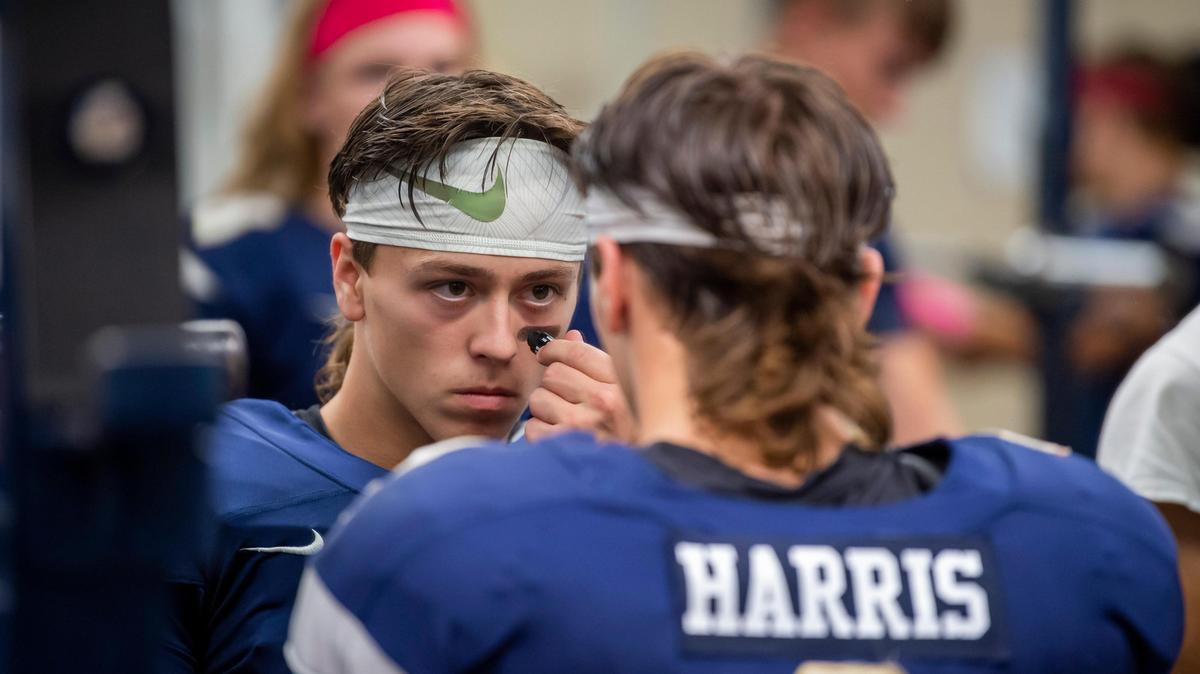 Elk Grove Thundering Herd Carter Harris (2), apples face paint before the game as they host the Cosumnes Oaks Wolfpack at Elk Grove High School, Friday, Oct. 25, 2019.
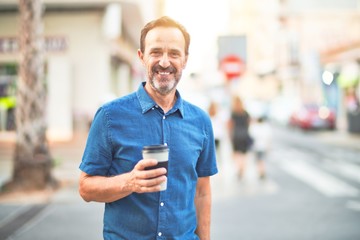Middle age handsome man standing on the street drinking take away coffee smiling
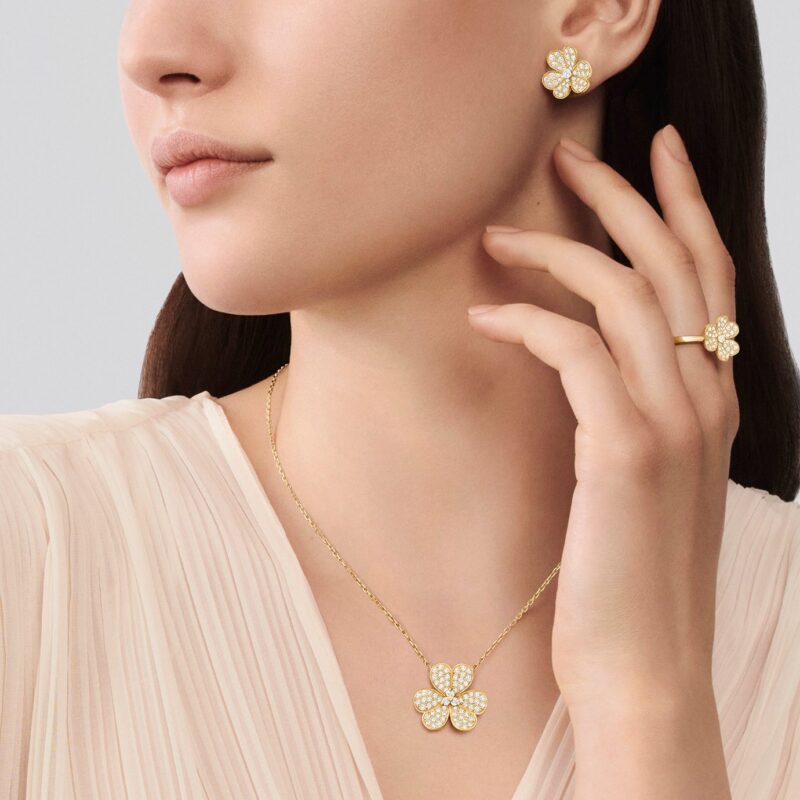 Van Cleef & Arpels floral pendant, earrings and ring worn with a pale blouse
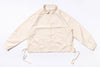 Beige jacket with drawstrings on a white background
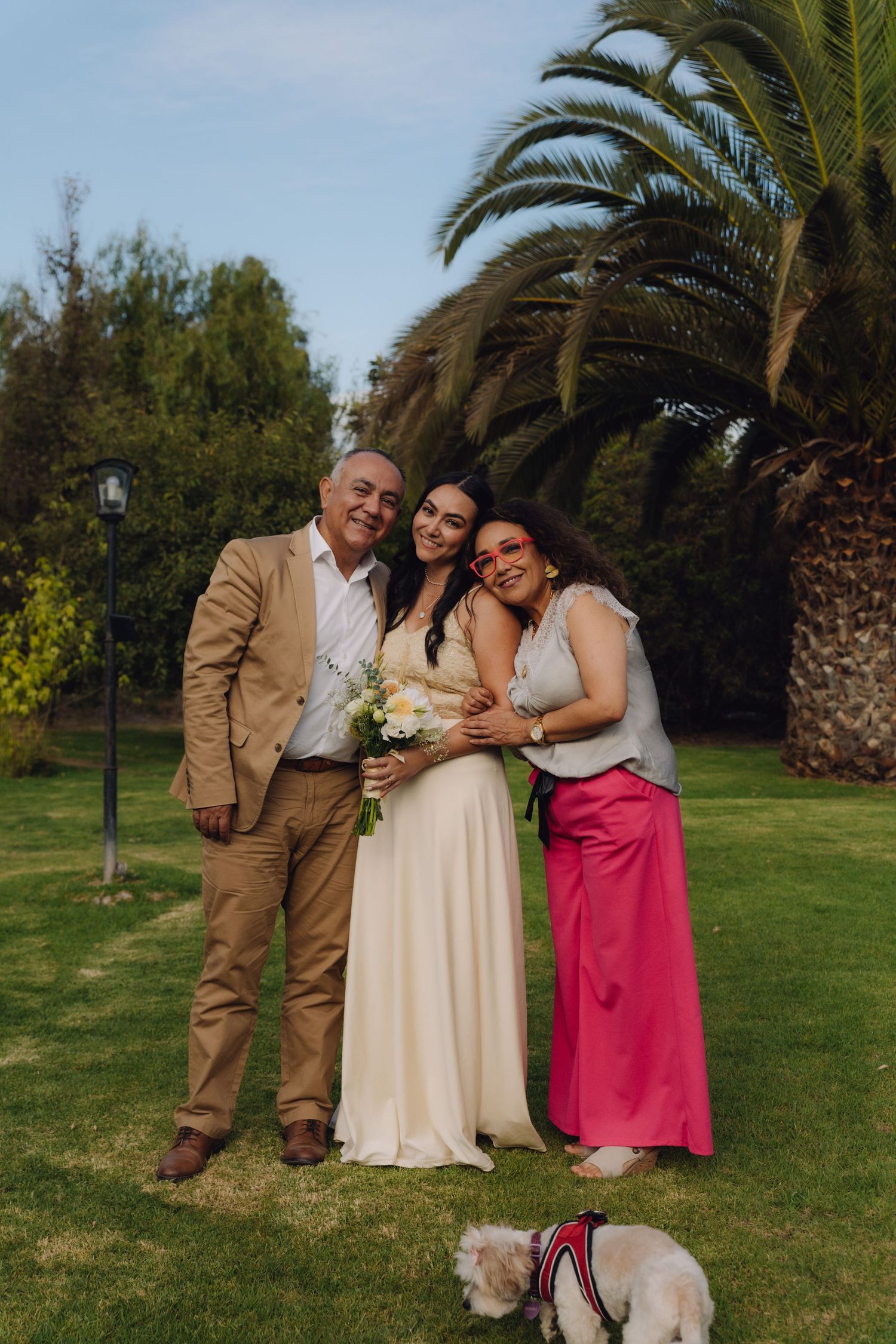 Bride smiling with parents on lush green lawn with large palm tree in background.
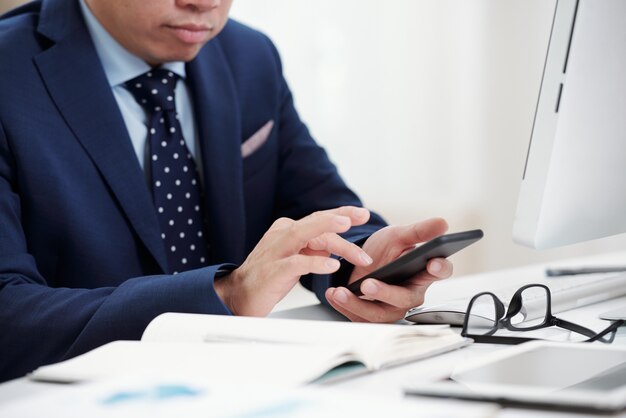 Recadré SMS d'homme d'affaires sur son téléphone assis au bureau avec ses lunettes et un ordinateur portable sur le bureau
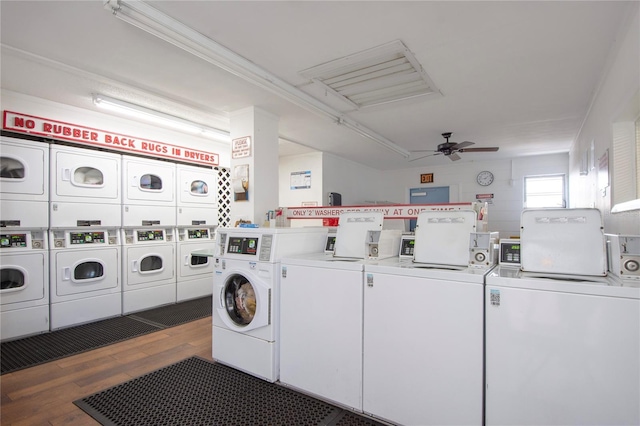 laundry area featuring dark wood-type flooring, crown molding, washer and dryer, ceiling fan, and stacked washer / dryer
=-=-=
(Exercise) Transcribe exactly, please, the lines between the start of the records above and the line holding "Bride smiling with", counting both of those lines and omitting pictures.

(Completed exercise)
 Elk Grove Thundering Herd Carter Harris (2), apples face paint before the game as they host the Cosumnes Oaks Wolfpack at Elk Grove High School, Friday, Oct. 25, 2019.
Middle age handsome man standing on the street drinking take away coffee smiling
 Van Cleef & Arpels floral pendant, earrings and ring worn with a pale blouse
 Beige jacket with drawstrings on a white background
 Bride smiling with parents on lush green lawn with large palm tree in background.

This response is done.